Monday, 19 March 2012


Jyoti Mishra, aka White Town, is about to hit the stage in Athens this sunday. A proper chat with Candy Bar was more than essential.

You were born in India. Is Indian music inscribed into your project in any sort of way?

I believe so, yes. I didn’t move here till I was three and, obviously, I’ve grown up with Indian parents. I think that cultural background has informed all the music I make, particularly lyrically. For example, I’m an atheist. But I’m an atheist Hindu which is entirely different from being an atheist Christian / Jew / Muslim. The Abrahamic faiths are all, to differing degrees, misogynistic and sex-negative. A lot of my music is explicitly sexual and definitely all sex-positive. I think that’s a part of my Indian-ness. Love/sex are just normal, healthy parts of life. Nothing dirty or wrong or whatever there.

You mentioned in an interview that “the more unstable you are, the more you write”. Can you explain?

I’m not bipolar because I’m very functional. I just have big ups and downs. And it’s when I’m at those extremes that I’m most productive. Songs will just fall out of me, it feels like I’m not even writing them. Take ‘She’s A Lot Like You,’ off the new album. I remember that coming out of me in this rush of love and lust and thinking about the girl it’s about. I barely had to change a line after the initial ten minute burst of writing it. Conversely, ‘Anywhere But Here’ is a small song from the opposite place entirely: desolation, abandonement and that loneliness that scrapes at your insides continually. So, I guess I exploit my instability in terms of creating new work but then it’s the creation of that work, the catharsis that re-normalises me. Even at my worst, a night of singing songs calms me and makes me happier.

How important is it for you to incorporate political messages into your music?

This is a difficult answer. I think it was Billy Bragg who once said that all music is political.

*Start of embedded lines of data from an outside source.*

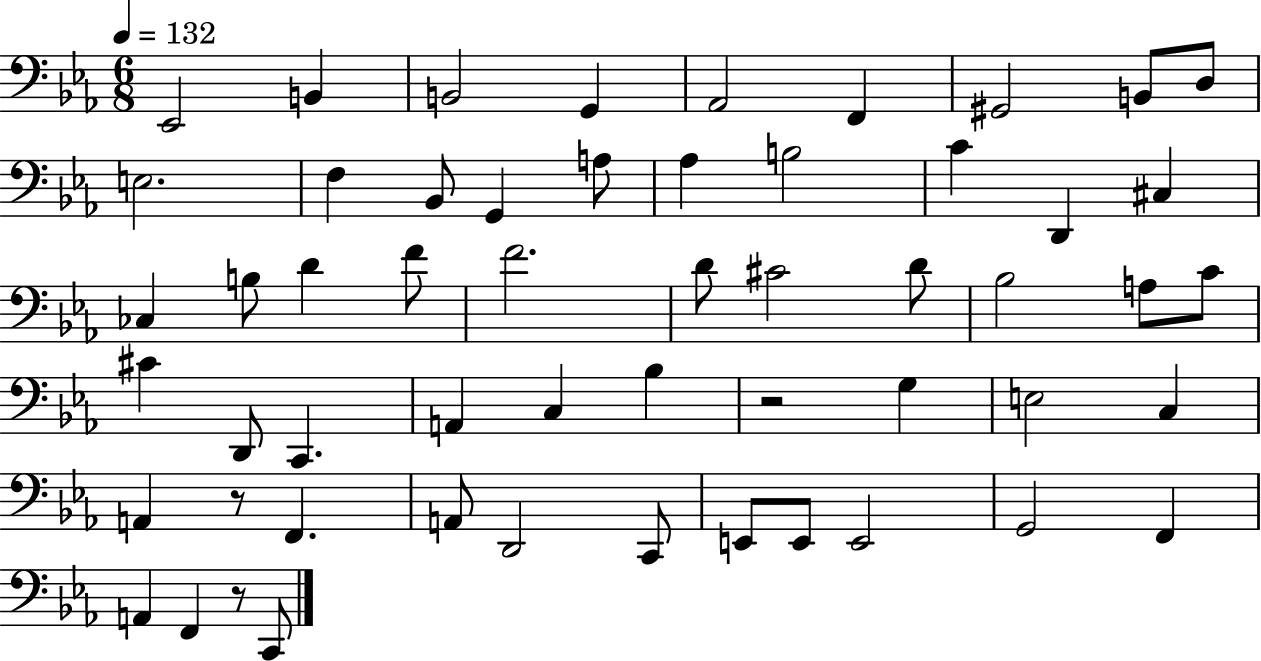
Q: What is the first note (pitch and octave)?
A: Eb2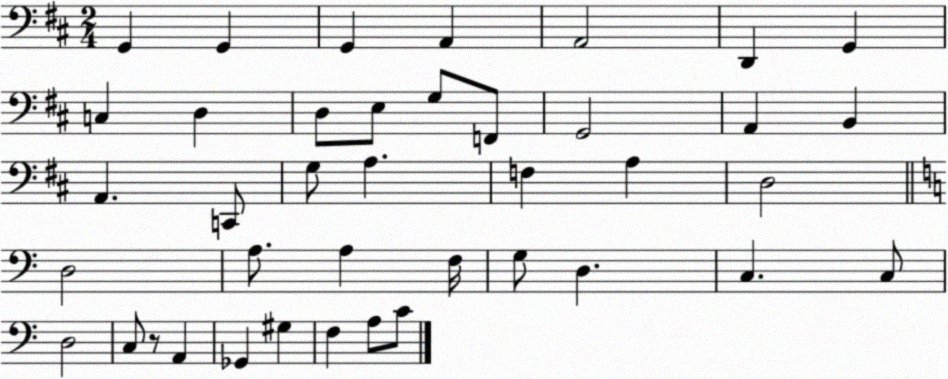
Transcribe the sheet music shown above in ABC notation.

X:1
T:Untitled
M:2/4
L:1/4
K:D
G,, G,, G,, A,, A,,2 D,, G,, C, D, D,/2 E,/2 G,/2 F,,/2 G,,2 A,, B,, A,, C,,/2 G,/2 A, F, A, D,2 D,2 A,/2 A, F,/4 G,/2 D, C, C,/2 D,2 C,/2 z/2 A,, _G,, ^G, F, A,/2 C/2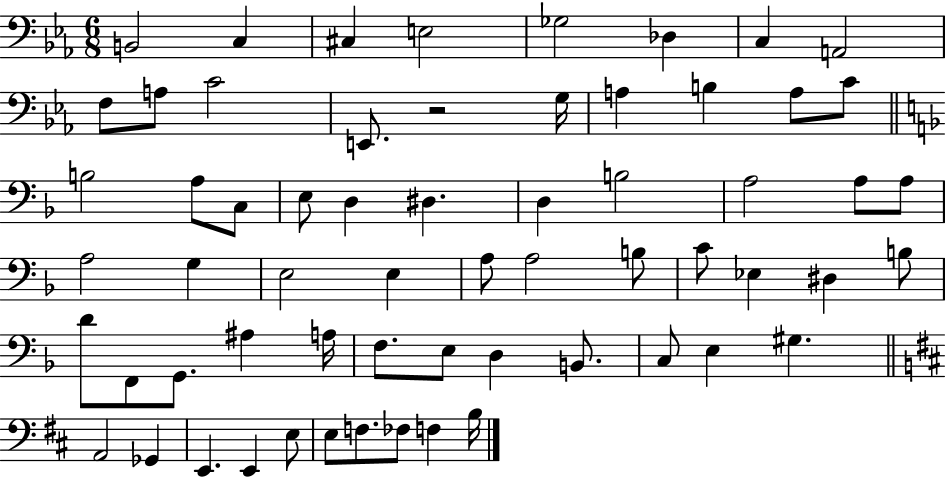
B2/h C3/q C#3/q E3/h Gb3/h Db3/q C3/q A2/h F3/e A3/e C4/h E2/e. R/h G3/s A3/q B3/q A3/e C4/e B3/h A3/e C3/e E3/e D3/q D#3/q. D3/q B3/h A3/h A3/e A3/e A3/h G3/q E3/h E3/q A3/e A3/h B3/e C4/e Eb3/q D#3/q B3/e D4/e F2/e G2/e. A#3/q A3/s F3/e. E3/e D3/q B2/e. C3/e E3/q G#3/q. A2/h Gb2/q E2/q. E2/q E3/e E3/e F3/e. FES3/e F3/q B3/s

He was labeled political because he was a lefty but he pointed out that singing about money and mansions is also a political statement. So, all songs are political, whether they acknowledge it or not as they crystallise aspects of the culture in which they were produced. For me, I have to address political concerns explicitly and consciously. This doesn’t necessarily mean singing about unions or strikes. Most of my songs are love songs and there is nothing more political than love. Who do you love? How do you love them? Do you treat them as a human being or as property to be fucked and discarded at your whim. Everything is politics.

Are you bothered when people regard you as a one hit wonder because of the huge success of single “White Town”?

Not at all. I’m ecstatic I’ve had even one song that became a proper pop song, loved by millions of people. That was such a surreal time. So many people in the indie scene claim to be making pop music, it was bizarre to actually have an actual, real, pop hit. Y’know, that normal, non-scene kids could sing and dance along to.

You are involved in songwriting, performing, recording, album art and running your label, Bzangy. Is that a way to control your art in the best possible way?

Yes. It’s also that I can’t get the staff. And now I’m making all my videos too. Control freak is probably understating the situation.

Would you say that your new album “Monopole” is a heavily emotional and personal album?

Yes, it’s my most honest and personal so far and, therefore, my favourite. It’s pretty obviously about my divorce last year and the end of a fourteen year relationship, the love of my life. But the two happy songs on there are about the possibilities of new love, the way we get our hearts broken but then can’t wait to break them again. I love the album. I can’t not, it’s basically a diary of the last few years. I tried so hard to be honest, to be emotionally open, to not hide behind any metaphors or poetry or other bullshit. I hope that comes over. If I have one regret, it’s that the liner notes are a little too intense, in retrospect. I wrote them at a very bad time.

Name me a few new bands that you enjoy and respect..

Four Owls
Akira Kiteshi (just interviewed him for Sound On Sound magazine!)
Marching Band
Your Demise
MC Esoteric

Do you feel sensitive about the political situation in Greece right now? What is your opinion on the current political scene in Europe?

I feel it’s pretty obvious even to the most casual observer that capitalism works about as well as an economic system as Stalinism did in the USSR. They’re both anachronisms, remnants from another age. Capitalism lurches from boom to bust, tossing millions of people’s lives uncaringly into the air. Will you be living in a boom or a depression? Who the fuck knows, it’s the lottery of capitalism! Add to that the sheer criminality of the capitalist classes and you have an untenable situation. I believe that Greece needs to do an Iceland (), tell the IMF to fuck off and nationalise everything, dispossessing all international firms of their capital. If it’s in Greece, it’s Greek and you all own it.

What do we have to expect from your forthcoming gig in Athens?

Some songs, some chatting and, I hope, a real dialogue. I don’t do big, rock gigs because they feel like monologues. I like to see the audience, react to them. I want people to connect to the stories of my songs and to feel calmer and happier afterwards, even though a lot of them are sad. Let’s see if I can manage to do that!

White Town + Le Page will play sunday 25th March @ Tiki Bar (Athens, Greece).